Эрик неожиданно погрузился в те тёплые воспоминания, которые до сегодняшнего дня он старался не пробуждать. Он рассказывал и рассказывал про тот город, где жили Фениксы. Как он играл с Мартином, как случайно поругался с Анджелой. Его слова переплетались между собой в одну паутину необычной сказки, которая могла бы иметь счастливый финал, если бы не роковой день глупости двух детей. Цена за ошибку — потеря личности.
— Однажды, проведя в Академии достаточно времени, я встретил Анджелу, — Эрик старался избегать слово «мама». Не из-за ненависти — он боялся. — Она приложила нечеловеческие усилия, чтобы найти меня. Я не знаю… когда она встретила меня, она плакала. А я не понимал. Я ещё долго не понимал, даже когда посмел вспомнить своё детство. Я сломался. Я должен был выбрать — либо Сосуды, либо Фениксы. Это разрушало меня изнутри. Я не знал, что выбрать. Я просто встречался с матерью, стараясь убедить себя, что выбрал сторону Фениксов?
— Стараясь убедить себя? — уточнила Лена.
— Я… Моя совесть убивала меня. Я чувствовал вину перед Мартином. Когда я думал, что буду на стороне Фениксов, это успокаивало. В какой-то момент я сам начал в это верить, хотя всегда был на стороне Сосудов. Я словно раскололся… — Внезапно Эрик закрыл глаза рукой. — Только сейчас я понял, как это странно. Считать, что ты на одной стороне, при этом быть всегда на другой.

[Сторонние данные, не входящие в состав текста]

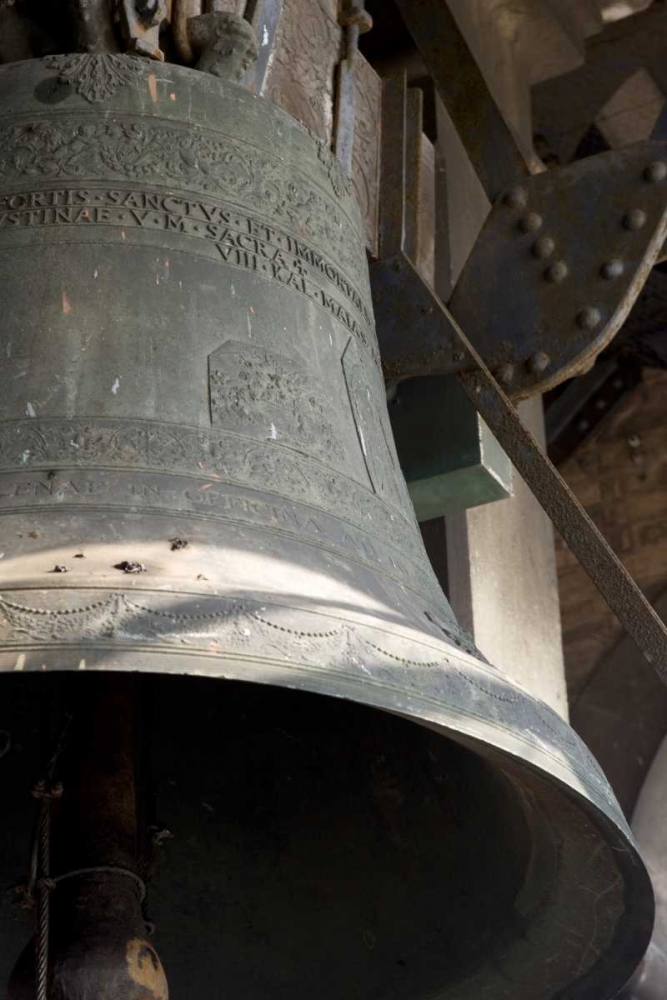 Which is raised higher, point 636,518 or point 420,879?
point 636,518

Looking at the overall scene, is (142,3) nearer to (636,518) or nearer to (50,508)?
(50,508)

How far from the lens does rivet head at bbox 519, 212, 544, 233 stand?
2.61 meters

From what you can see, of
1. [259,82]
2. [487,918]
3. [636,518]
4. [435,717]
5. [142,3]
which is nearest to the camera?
[435,717]

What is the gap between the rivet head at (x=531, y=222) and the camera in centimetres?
261

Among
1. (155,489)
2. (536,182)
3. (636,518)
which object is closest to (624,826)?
(155,489)

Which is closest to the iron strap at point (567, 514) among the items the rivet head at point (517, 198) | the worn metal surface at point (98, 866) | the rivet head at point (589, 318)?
the rivet head at point (589, 318)

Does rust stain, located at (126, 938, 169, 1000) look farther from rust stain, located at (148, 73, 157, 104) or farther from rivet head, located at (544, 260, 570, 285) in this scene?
rivet head, located at (544, 260, 570, 285)

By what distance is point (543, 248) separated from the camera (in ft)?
8.47

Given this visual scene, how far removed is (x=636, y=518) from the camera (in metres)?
5.69

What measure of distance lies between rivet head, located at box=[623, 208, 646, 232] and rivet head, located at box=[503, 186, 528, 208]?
17 cm

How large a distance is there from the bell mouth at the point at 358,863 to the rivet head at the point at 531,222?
32.4 inches

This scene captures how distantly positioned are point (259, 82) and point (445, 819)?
104 centimetres

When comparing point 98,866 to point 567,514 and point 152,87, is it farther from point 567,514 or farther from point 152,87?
point 152,87

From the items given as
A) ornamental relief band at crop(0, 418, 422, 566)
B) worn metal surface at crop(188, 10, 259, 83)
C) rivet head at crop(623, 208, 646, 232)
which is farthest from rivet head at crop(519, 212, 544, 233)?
ornamental relief band at crop(0, 418, 422, 566) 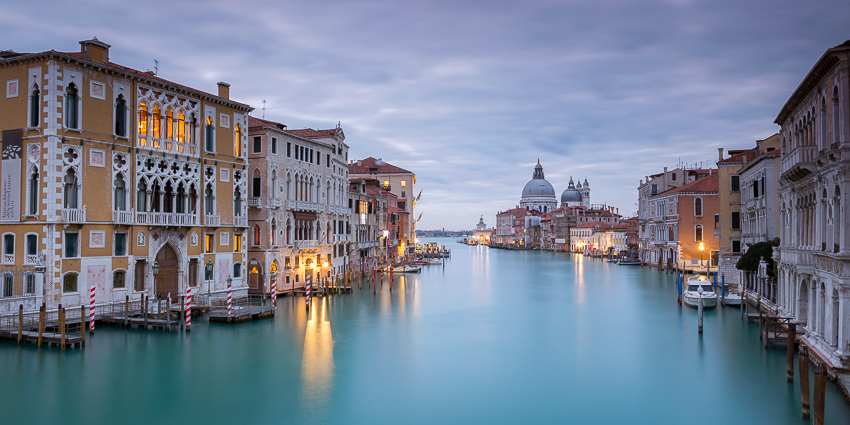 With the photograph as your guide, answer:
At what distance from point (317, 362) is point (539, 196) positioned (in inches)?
5754

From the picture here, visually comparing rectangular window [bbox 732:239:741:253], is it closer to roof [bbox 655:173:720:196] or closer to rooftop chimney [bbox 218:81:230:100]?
roof [bbox 655:173:720:196]

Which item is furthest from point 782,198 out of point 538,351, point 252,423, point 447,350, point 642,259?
point 642,259

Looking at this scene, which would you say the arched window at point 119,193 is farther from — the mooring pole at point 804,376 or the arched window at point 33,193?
the mooring pole at point 804,376

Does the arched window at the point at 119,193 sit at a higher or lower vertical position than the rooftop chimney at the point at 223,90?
lower

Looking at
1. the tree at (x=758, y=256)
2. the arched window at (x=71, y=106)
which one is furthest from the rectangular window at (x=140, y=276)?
the tree at (x=758, y=256)

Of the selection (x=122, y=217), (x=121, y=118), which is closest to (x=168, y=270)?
(x=122, y=217)

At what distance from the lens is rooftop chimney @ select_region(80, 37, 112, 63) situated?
62.7 ft

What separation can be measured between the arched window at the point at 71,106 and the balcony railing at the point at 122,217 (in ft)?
9.60

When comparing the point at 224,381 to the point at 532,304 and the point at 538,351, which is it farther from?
the point at 532,304

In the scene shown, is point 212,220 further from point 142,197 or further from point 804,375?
point 804,375

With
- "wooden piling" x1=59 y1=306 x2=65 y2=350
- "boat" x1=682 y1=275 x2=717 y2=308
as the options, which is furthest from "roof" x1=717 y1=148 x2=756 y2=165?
"wooden piling" x1=59 y1=306 x2=65 y2=350

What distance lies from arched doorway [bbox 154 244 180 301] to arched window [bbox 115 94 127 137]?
416 cm

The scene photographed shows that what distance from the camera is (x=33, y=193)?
18.0 meters

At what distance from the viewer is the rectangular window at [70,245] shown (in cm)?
1803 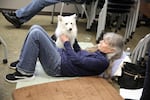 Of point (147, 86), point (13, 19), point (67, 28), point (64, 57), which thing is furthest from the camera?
point (13, 19)

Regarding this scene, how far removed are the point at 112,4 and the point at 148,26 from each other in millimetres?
1301

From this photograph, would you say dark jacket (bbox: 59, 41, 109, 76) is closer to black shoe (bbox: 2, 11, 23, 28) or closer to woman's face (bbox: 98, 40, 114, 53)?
woman's face (bbox: 98, 40, 114, 53)

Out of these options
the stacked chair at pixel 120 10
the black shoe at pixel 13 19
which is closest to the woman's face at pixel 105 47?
the stacked chair at pixel 120 10

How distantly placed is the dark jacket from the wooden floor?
0.12 m

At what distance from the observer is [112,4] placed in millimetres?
3525

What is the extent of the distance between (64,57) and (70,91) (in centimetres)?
41

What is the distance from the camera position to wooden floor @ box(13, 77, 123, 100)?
72.9 inches

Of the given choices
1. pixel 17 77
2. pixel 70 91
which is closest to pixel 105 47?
pixel 70 91

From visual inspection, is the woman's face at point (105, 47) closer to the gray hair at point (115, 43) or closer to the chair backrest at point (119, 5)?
the gray hair at point (115, 43)

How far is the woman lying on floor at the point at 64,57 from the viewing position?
7.11ft

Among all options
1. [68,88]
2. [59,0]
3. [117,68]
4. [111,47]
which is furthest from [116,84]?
[59,0]

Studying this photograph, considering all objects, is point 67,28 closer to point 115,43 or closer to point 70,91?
point 115,43

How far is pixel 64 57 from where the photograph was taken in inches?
89.9

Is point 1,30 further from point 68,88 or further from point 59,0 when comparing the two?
point 68,88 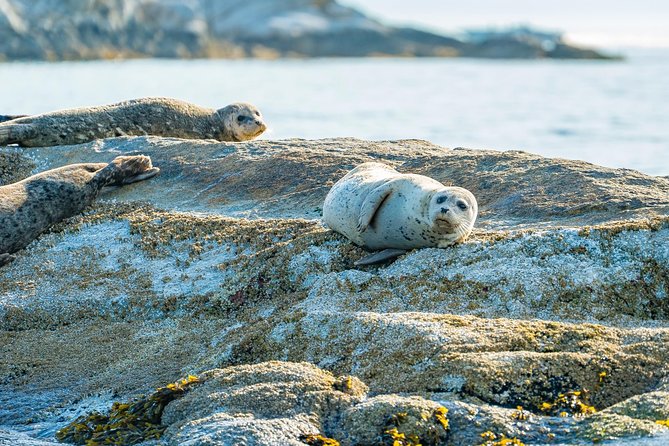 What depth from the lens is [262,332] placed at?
4.98 meters

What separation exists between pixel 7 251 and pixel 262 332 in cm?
247

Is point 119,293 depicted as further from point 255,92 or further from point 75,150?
point 255,92

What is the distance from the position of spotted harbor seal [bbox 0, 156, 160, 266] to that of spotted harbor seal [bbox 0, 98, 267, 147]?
1527 millimetres

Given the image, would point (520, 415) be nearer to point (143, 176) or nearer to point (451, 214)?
point (451, 214)

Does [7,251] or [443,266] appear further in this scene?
[7,251]

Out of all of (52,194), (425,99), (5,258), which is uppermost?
(52,194)

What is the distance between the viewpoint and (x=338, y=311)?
5035 millimetres

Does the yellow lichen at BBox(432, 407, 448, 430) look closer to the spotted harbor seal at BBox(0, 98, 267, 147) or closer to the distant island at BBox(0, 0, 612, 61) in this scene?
the spotted harbor seal at BBox(0, 98, 267, 147)

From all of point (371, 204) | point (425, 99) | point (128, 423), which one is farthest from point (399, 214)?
point (425, 99)

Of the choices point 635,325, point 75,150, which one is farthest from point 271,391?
point 75,150

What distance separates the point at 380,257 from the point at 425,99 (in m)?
28.5

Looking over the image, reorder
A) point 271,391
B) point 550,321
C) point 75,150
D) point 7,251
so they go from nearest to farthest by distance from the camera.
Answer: point 271,391, point 550,321, point 7,251, point 75,150

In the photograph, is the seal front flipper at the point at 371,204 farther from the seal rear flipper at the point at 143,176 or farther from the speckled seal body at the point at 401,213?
the seal rear flipper at the point at 143,176

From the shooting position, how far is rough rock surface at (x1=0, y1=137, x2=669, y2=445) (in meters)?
4.05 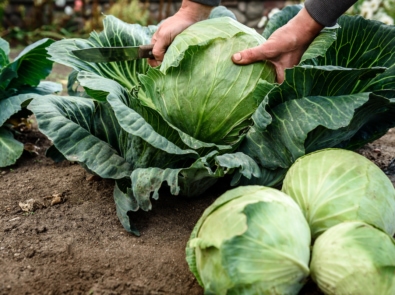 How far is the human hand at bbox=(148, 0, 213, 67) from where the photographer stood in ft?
10.0

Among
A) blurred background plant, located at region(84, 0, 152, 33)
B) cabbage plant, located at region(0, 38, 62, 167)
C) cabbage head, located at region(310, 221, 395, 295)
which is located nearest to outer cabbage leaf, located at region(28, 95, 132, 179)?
cabbage plant, located at region(0, 38, 62, 167)

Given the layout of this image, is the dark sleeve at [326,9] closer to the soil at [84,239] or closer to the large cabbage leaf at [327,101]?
the large cabbage leaf at [327,101]

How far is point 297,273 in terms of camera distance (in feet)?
6.04

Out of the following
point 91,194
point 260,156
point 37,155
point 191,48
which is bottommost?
point 37,155

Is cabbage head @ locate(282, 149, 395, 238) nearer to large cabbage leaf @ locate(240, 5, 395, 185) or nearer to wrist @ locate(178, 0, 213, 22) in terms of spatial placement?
large cabbage leaf @ locate(240, 5, 395, 185)

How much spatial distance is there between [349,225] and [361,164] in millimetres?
440

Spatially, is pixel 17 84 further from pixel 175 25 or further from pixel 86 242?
pixel 86 242

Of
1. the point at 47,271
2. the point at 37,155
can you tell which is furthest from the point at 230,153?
the point at 37,155

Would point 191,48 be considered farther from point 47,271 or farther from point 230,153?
point 47,271

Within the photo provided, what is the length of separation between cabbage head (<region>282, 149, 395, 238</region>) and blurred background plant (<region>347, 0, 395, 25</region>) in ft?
16.7

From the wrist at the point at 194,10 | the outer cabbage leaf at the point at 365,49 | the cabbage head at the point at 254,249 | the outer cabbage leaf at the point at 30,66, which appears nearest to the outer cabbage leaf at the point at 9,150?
the outer cabbage leaf at the point at 30,66

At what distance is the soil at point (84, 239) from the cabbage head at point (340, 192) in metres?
0.34

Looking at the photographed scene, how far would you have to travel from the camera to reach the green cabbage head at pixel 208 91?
2.62 metres

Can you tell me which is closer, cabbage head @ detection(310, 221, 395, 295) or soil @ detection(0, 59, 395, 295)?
cabbage head @ detection(310, 221, 395, 295) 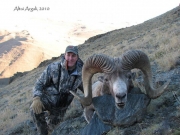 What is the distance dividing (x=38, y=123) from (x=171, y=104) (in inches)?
120

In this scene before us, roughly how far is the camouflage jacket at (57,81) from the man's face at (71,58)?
162mm

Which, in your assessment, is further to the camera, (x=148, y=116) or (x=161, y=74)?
(x=161, y=74)

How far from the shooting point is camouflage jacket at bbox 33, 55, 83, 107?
6219 mm

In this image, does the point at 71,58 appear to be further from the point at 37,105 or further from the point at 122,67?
the point at 122,67

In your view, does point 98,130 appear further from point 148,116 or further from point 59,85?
point 59,85

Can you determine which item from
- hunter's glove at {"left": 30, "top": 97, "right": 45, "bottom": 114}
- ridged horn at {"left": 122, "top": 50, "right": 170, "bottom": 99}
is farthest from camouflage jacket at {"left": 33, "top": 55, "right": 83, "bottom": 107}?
ridged horn at {"left": 122, "top": 50, "right": 170, "bottom": 99}

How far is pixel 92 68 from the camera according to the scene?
5.29m

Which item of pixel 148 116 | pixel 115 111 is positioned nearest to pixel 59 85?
pixel 115 111

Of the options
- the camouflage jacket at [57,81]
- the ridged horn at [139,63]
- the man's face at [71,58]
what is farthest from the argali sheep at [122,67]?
the camouflage jacket at [57,81]

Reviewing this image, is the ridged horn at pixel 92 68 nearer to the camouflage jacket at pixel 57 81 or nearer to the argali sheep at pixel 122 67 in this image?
the argali sheep at pixel 122 67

Лена не знала, что делать. Успокоить? Промолчать? Однако Эрик сразу же продолжил:
— У одной стервы, Людмилы Лавровы, случилась любовная передряга с директором Академии. Как бывает, случайно залетела. Я не знаю, почему Людмила не сделала аборт, но она сразу отдала новорождённого ребёнка одному учёному. Сергей Куликов. Та ещё свинья. Она ничего лучше придумать и не могла. Куликов решил провести на нём какой-то эксперимент по контролю разума. Анджела нашла ребёнка, не смогла пройти мимо. И вдруг Жрецы начали говорить, что он не может вырасти у них в городе. Что его надо отдать мне, выбора нет. Жрецам вообще нельзя перечить, считается плохим знаком. Они отдали его мне. И я пять лет мучился с ним, обманывал Нейт и Демьяна, а затем и всю Академию. Нейт с самого начала заподозрила неладное… Скоро она догадается, что у Аластора нет никакой магии.
Эрик вновь погрузился в раздумья. Лена постаралась заглянуть глубже в его глаза, вот только видела она теперь не мальчика, у которого отняли всё, не мальчика, потерявшего свою личность из-за одной глупой ошибки, а мужчину, каким его сотворила Академия. Однако Академия сделала его не совершенным Эклипсом — она расколола его на две части. На часть, что предана Империи Сосудов, и на часть, что из-за совести желает помочь Фениксам. Единственная нить, соединяющая две части, — это Аластор. Мальчик, что заставил его вспомнить и вернуться к временам своего беззаботного детства.